*** MATERIAL SHOWN Section Begins ***

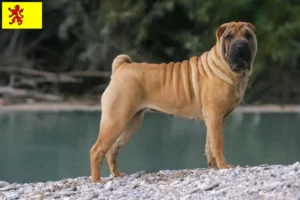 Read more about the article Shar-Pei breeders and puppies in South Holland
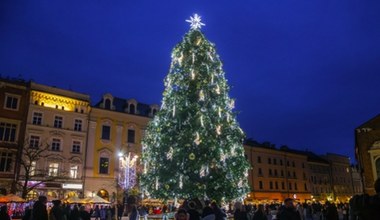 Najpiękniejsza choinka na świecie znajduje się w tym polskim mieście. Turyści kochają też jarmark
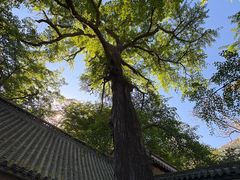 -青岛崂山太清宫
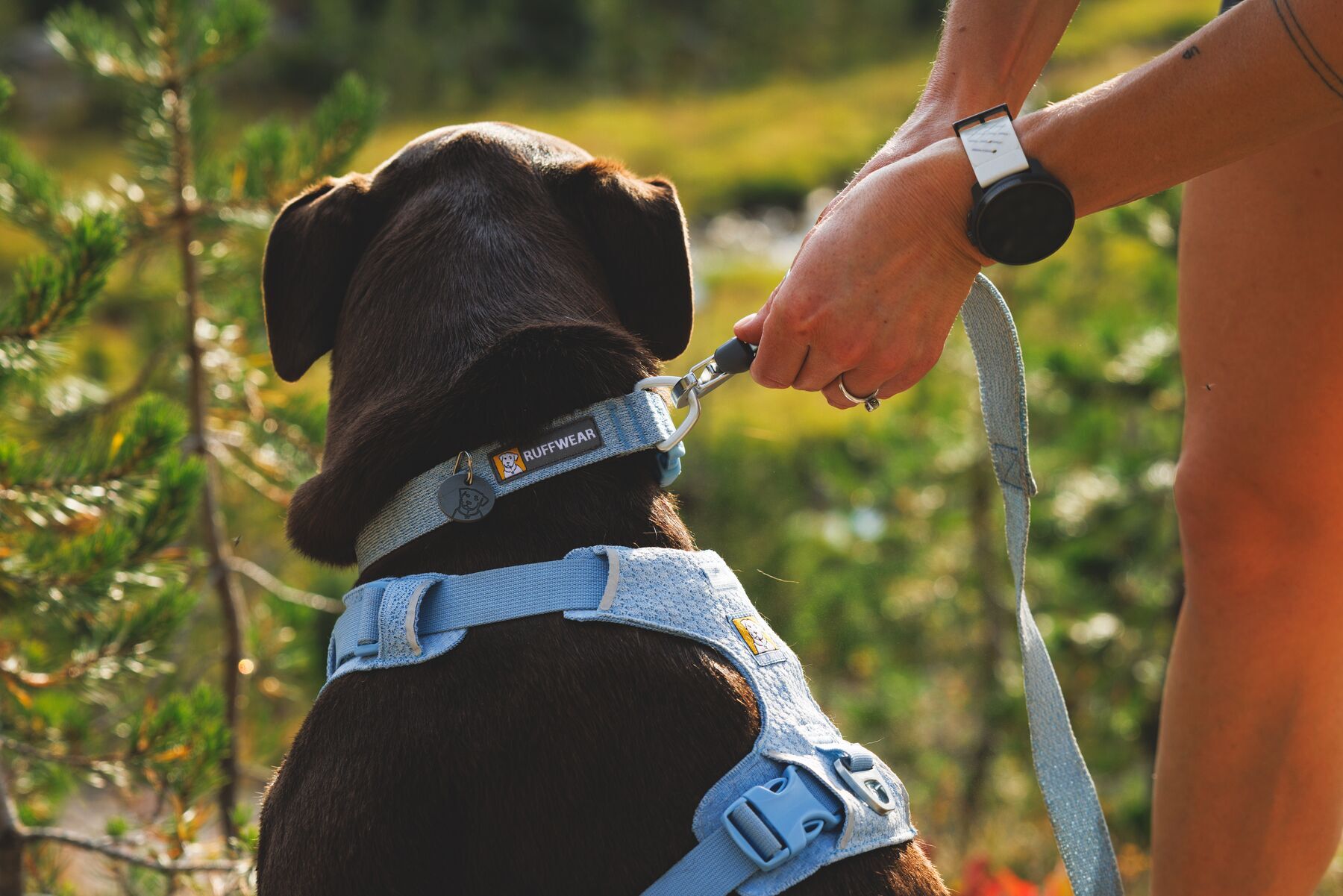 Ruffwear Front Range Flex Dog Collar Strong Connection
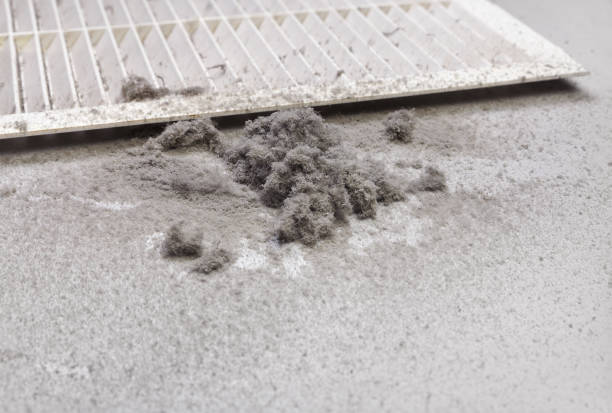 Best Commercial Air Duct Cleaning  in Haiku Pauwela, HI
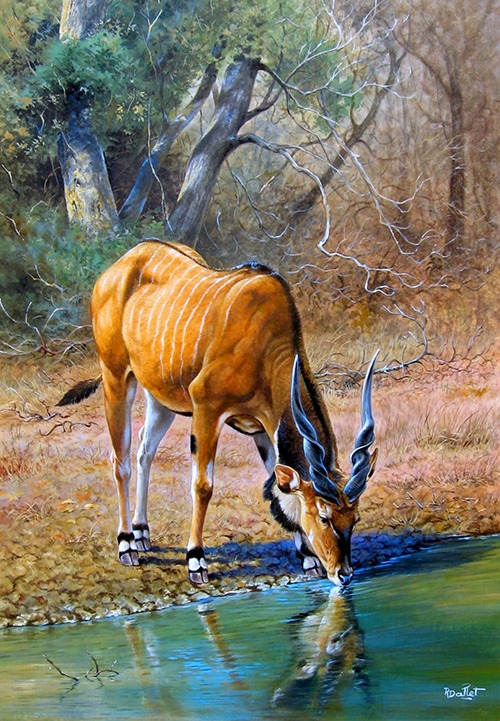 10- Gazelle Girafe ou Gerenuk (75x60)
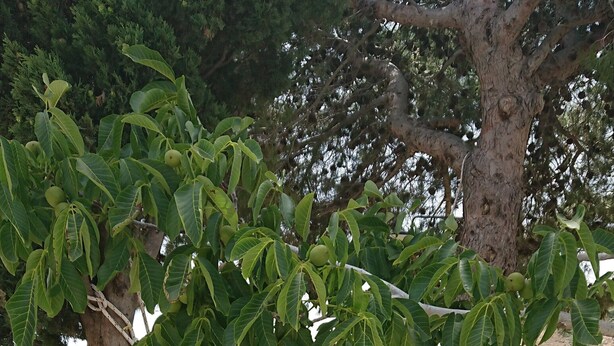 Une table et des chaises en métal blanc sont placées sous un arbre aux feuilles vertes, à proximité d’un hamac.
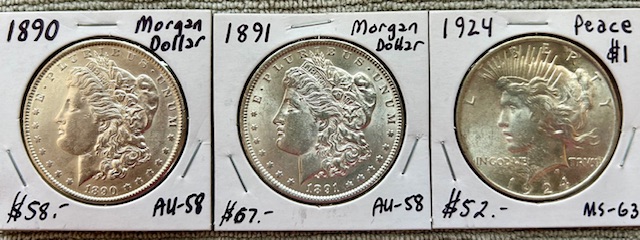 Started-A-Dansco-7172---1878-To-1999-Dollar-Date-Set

*** MATERIAL SHOWN Section Ends ***

GOAL OF THE EXERCISE:
Line by line, retype the records above exactly, minus the images.

EXPECTED ANSWER:
 Read more about the article Shar-Pei breeders and puppies in South Holland
 Najpiękniejsza choinka na świecie znajduje się w tym polskim mieście. Turyści kochają też jarmark
 -青岛崂山太清宫
 Ruffwear Front Range Flex Dog Collar Strong Connection
 Best Commercial Air Duct Cleaning  in Haiku Pauwela, HI
 10- Gazelle Girafe ou Gerenuk (75x60)
 Une table et des chaises en métal blanc sont placées sous un arbre aux feuilles vertes, à proximité d’un hamac.
 Started-A-Dansco-7172---1878-To-1999-Dollar-Date-Set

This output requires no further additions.